この作品には、MTF(TSではありません)要素が含まれております。

プロローグの時点で嫌な予感をされた方は、読むのをやめておいたほうが良いかもしれません。

 

 

 

「――本当に、良いのじゃな? 引き返すのならば、今のうちじゃぞ?」

 ドクターの真摯な視線に私は、力強い頷きを返す。

「……お前さんが、そこまで決心しているのであれば、これ以上の制止は徒労、か。 ――良かろう。これより、術式を開始する」

 薄緑のマスクの下から明らかな嘆息が聞こえ、しかし助手からメスを受け取るとドクターは医者の顔付きになり、患者の身体にメスを入れた。

 無影灯の下、ドクターがメスを振るう度に、あの子から“男の性”が剥ぎ取られていく。

 血にまみれた股間、痛ましい光景。でも、私は、あの子が変容する様から目を背けてはいけない。それを望み、渋るドクターに手術を強行させたのは、他ならぬ私自身なのだから。

「――切除完了。
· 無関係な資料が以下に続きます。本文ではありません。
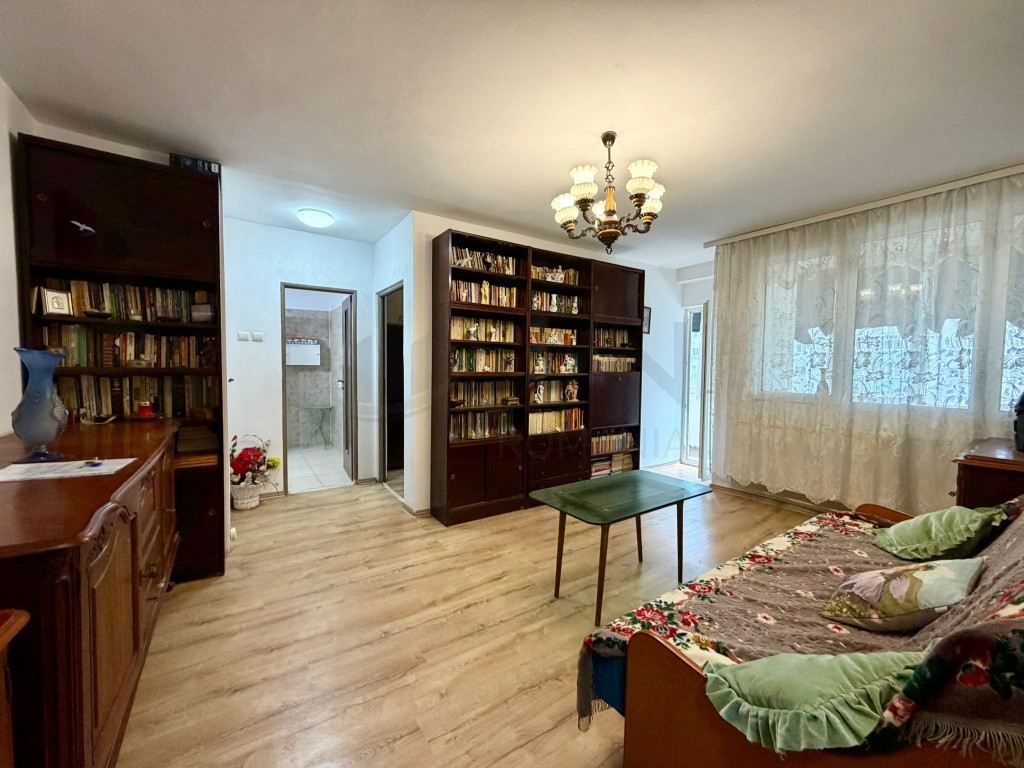 Maica Domnului - Grigore Ionescu | 2 Camere RENOVAT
形成に入る」

 赤く爛れたような肉の棒が完全に切り離され、助手の差し出した銀のトレイに置かれる。この男の事だ、恐らくは実験に使うのだろう。私は、保存処理を施されるそれに一瞬だけ目を向けて再度、術中の場に視線を戻した。

 それにしても、さすがはドクター・ヌマ。かつて、同じ組織に所属し、“やまとの黒衣”として手腕を揮っていただけの事はある。畑違いな私から見ても、仕事が速いだけでなく、縫合や後処理も丁寧かつ迅速だ。
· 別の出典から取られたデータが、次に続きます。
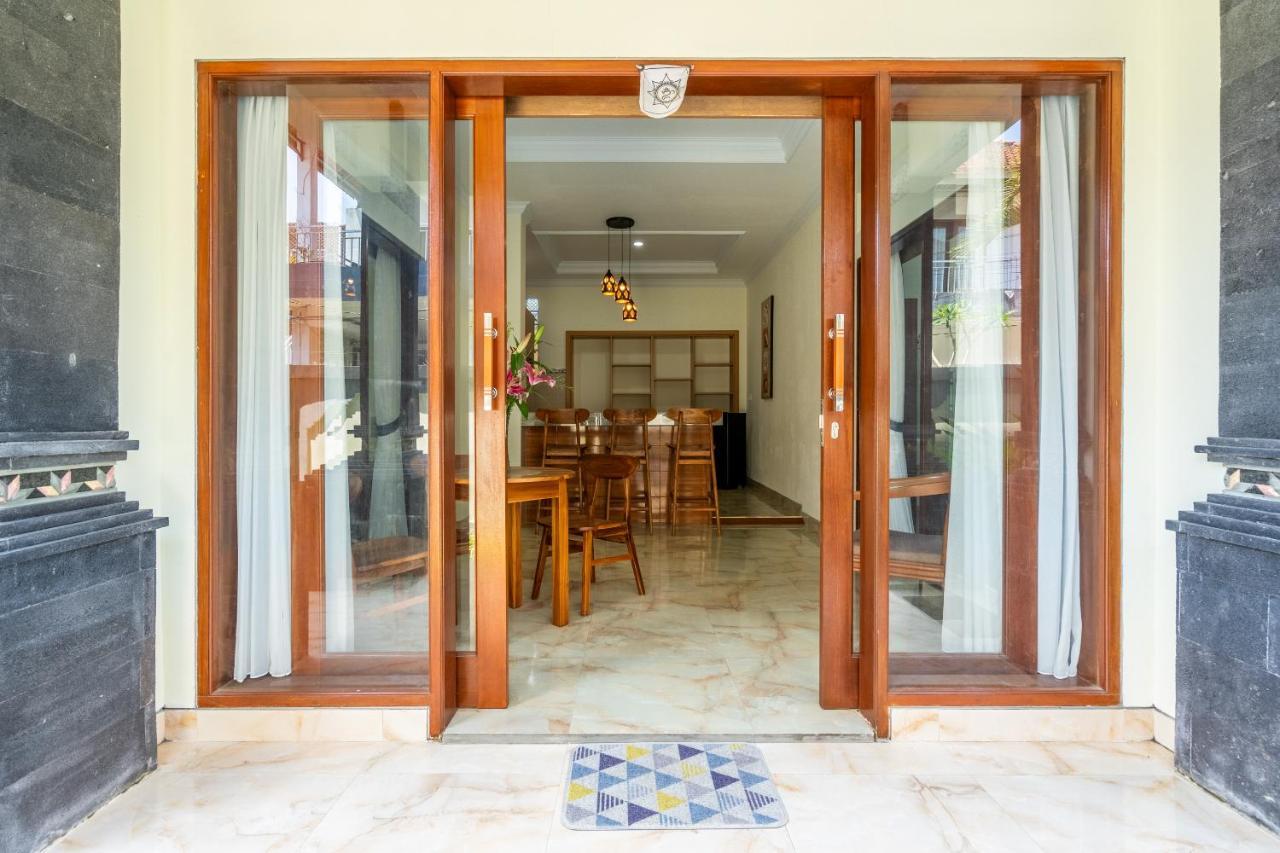 Rava Villa Andong Ubud Exterior foto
 見る間に、“男の性”があった箇所に作り物の、“女の性”が形成された。SRS(性別適合手術)の前半戦を終えるのに、半刻とかかってはいない。

「……」

 形成の最終処置を終え、助手が乳房形成用のシリコンをトレイに開けたのを確認した私は、無言で踵を返す。

「行くのか?」

「……ええ」

 これから、私が何をしようとしているのか、知っているのだろう。術式を続行しながらドクターは、「そうか」と、軽くため息を吐き――

「敢えて止めはせぬが、あまりやりすぎないようにな。如何な、この国最大の組織である“和”といえども、万能ではないからの」

「そんな事は、貴方に言われなくても解っているわ。それじゃ、後はお願いね」

「ああ、任せておけ」

 力強い言葉を背に受け、手術室を後にする。更衣室で見学衣を脱ぎ捨てて黒革の上下に着替え直した私は、病院に相応しい白亜の廊下を、音を立てて歩く。その間に、あの子を想い、話を聞き終わった時から内に燻る怒りを、くつくつと、煮立たせてゆく。

「許さない――」

 それは、思わず口に出してしまう程に。

「絶対に、許さない――」

 親の義務を放棄して抑鬱や鬱憤の捌け口にし、あまつさえその精神を、見知らぬ男達の欲望を身に受けても抵抗しないまでに磨耗させた。

 虐待、離婚――これらは、子に対する重大な裏切り。その中でも虐待は最も重く、子の未来をも奪いかねない卑劣極まりない行為は、贖罪させても尚、足りない。私を裏切り、薄着のまま寒空の下に放り出し、したり顔のまま車で走り去っていった両親のように――

「……」

 設備の機械音だけが響く廊下で、私は手早く、ナイフと拳銃の確認をする。

 私は、あの子に、生きる意味を与える、と誓った。ならば、“篠沢和也”に関する全てを、断ち切る必要がある。両親、祖父母、親戚は言うに及ばず、必要あらば、その係累まで。

 奴らのやさは、既に割れている。一先ずは、あの子の未来を奪い去ろうとした者達に――苦痛と、絶叫の死を。